2

I am trying to understand the output of the code given at : http://phrack.org/issues/60/10.html

Quoting it here for reference:

#include <stdio.h>

int main(void){
        int l;
        short s;
        char c;

        l = 0xdeadbeef;
        s = l;
        c = l;

        printf("l = 0x%x (%d bits)\n", l, sizeof(l) * 8);
        printf("s = 0x%x (%d bits)\n", s, sizeof(s) * 8);
        printf("c = 0x%x (%d bits)\n", c, sizeof(c) * 8);

        return 0;
}

The output i get on my machine is:-

l = 0xdeadbeef (32 bits)
s = 0xffffbeef (16 bits)
c = 0xffffffef (8 bits)

Here is my understanding:-

The assignments s=l, c=l will result in s and c being promoted to ints and they will have the last 16 bits (0xbeef) and last 8 bits (0xef) of l respectively.
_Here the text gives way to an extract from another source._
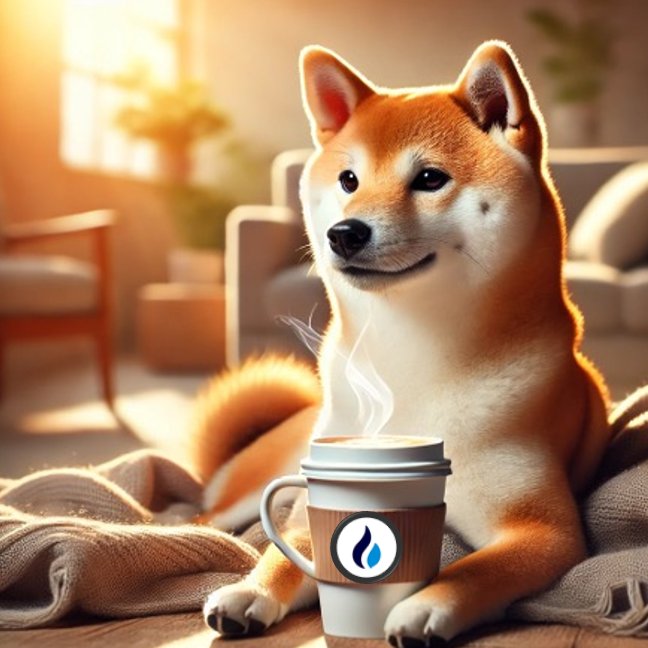 HTX_Global's tweet photo. gm crypto! 🐕🐈⚔️🐸🐷🐧🐒🥜 https://t.co/8YvrFRv5Nt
Printf tries to interpret each of the above values (l,s and c) as unsigned integers (as %x is passed as the format specifier). From the output i see that sign extension has taken place. My doubt is that since %x represents unsigned int, why has the sign extension taken place while printing s and c? Should not the output for s be 0x0000beef and for c be 0x000000ef?

user720694
  • 2,035
  • 6
  • 35
  • 57
  • The sign extension took place during the push, not the print. And your assignments are implementation defined. If a value is not representable for a signed target type, the implementation takes over. Don't rely on the observed behavior your getting (though bit-truncation is indeed the most common behavior I've certainly witnessed). – WhozCraig Jan 19 '15 at 05:43
  • 3
    `printf` is a variadic function, which means that arguments of the types `short` and `char` are promoted to `int` when the function is called. – Frxstrem Jan 19 '15 at 05:44
  • 2
    `sizeof` returns `size_t`, to print `size_t` you must use [`%zu`](http://stackoverflow.com/questions/940087/whats-the-correct-way-to-use-printf-to-print-a-size-t) – phuclv Jan 19 '15 at 07:50
  • and a byte doesn't always have 8 bits, use `CHAR_BIT` instead – phuclv Jan 19 '15 at 07:52
  • "The assignments `s=l` and `c=l` will result in `s` and `c` being promoted to `int`" - well, more like "will result in `l` being truncated to `short` and `char`". – barak manos Jan 19 '15 at 09:22
  • Side note: use `CHAR_BIT` (defined in `limits.h`) instead of `8`. – barak manos Jan 19 '15 at 09:23
  • char is intended to be an enumeration of characters and the compiler makes assumptions based on this. `signed char` or `unsigned char` exist for one byte ints. (char is used as the unit to specify sizes of other primitives, commonly 8 bits bytes.) Since c++11 there are more explicit types available may be preferred to the ambiguous naming and assumptions of the three char types. eg `uint32_t` `int_least8_t` `uint_fast16_t` ; respectively unsigned exactly 32bit if available on the system, smallest available signed int of at least 8bit, and fastest available unsigned int of at least 16bit. – Max Power Jul 02 '22 at 03:10

2 Answers2

2

why has the sign extension taken place while printing s and c

Let's see the following code:

unsigned char ucr8bit; /* Range is 0 to 255 on my machine */
signed char cr8bit; /* Range is -128 to 127 on my machine */
int i32bit;
cr8bit = MINUS_100;  /* (char)(-100) or 0x9C */
i32bit = cr8bit;     /* i32 bit is -100 or 0xFFFFFF9C */

As you can see, althout the number -100 is same, its representation is not mere prepending 0s in wider character but may be prepending the MSB or sign bit of the signed type in 2s complement system and 1s complement system.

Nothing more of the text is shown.